▸ ASSIGNED TASK
Print every line of the listing below, starting with the line that holds "Armoire pour bijoux avec miroir Genao" and going on through the line that holds "Lg Nexus 5x", both included, and print nothing else.

▸ RECORD EXCERPTS

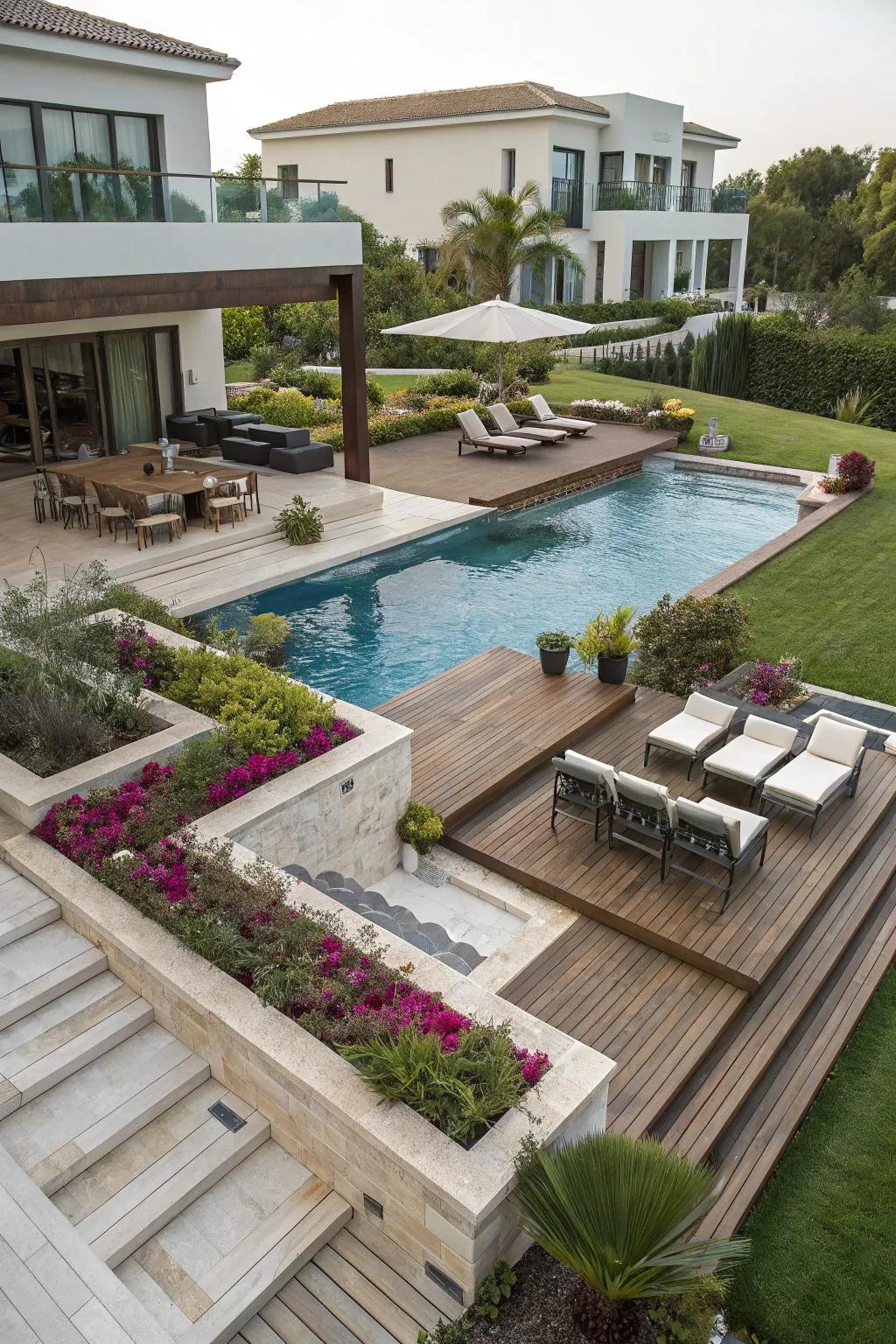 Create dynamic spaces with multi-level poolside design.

...

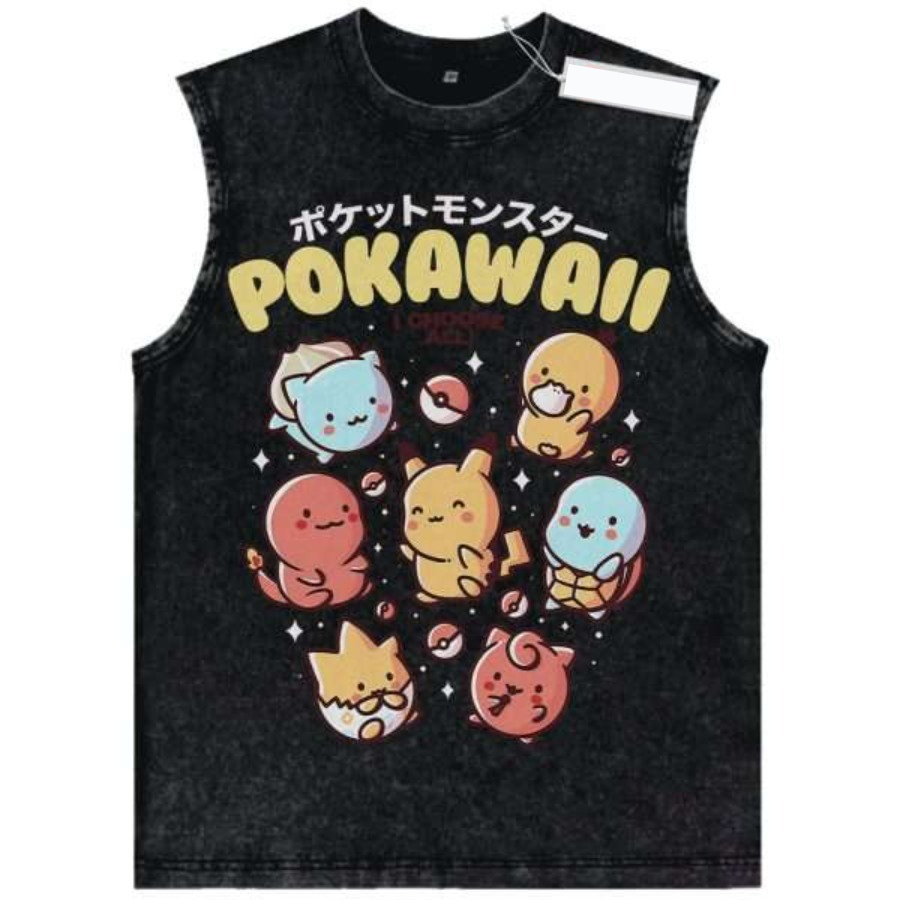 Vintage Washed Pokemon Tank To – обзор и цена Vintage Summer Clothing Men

--

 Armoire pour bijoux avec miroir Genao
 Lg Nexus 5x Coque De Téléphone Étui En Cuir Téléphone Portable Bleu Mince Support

▸ RESPONSE FOR THIS EXERCISE
 Armoire pour bijoux avec miroir Genao
 Lg Nexus 5x Coque De Téléphone Étui En Cuir Téléphone Portable Bleu Mince Support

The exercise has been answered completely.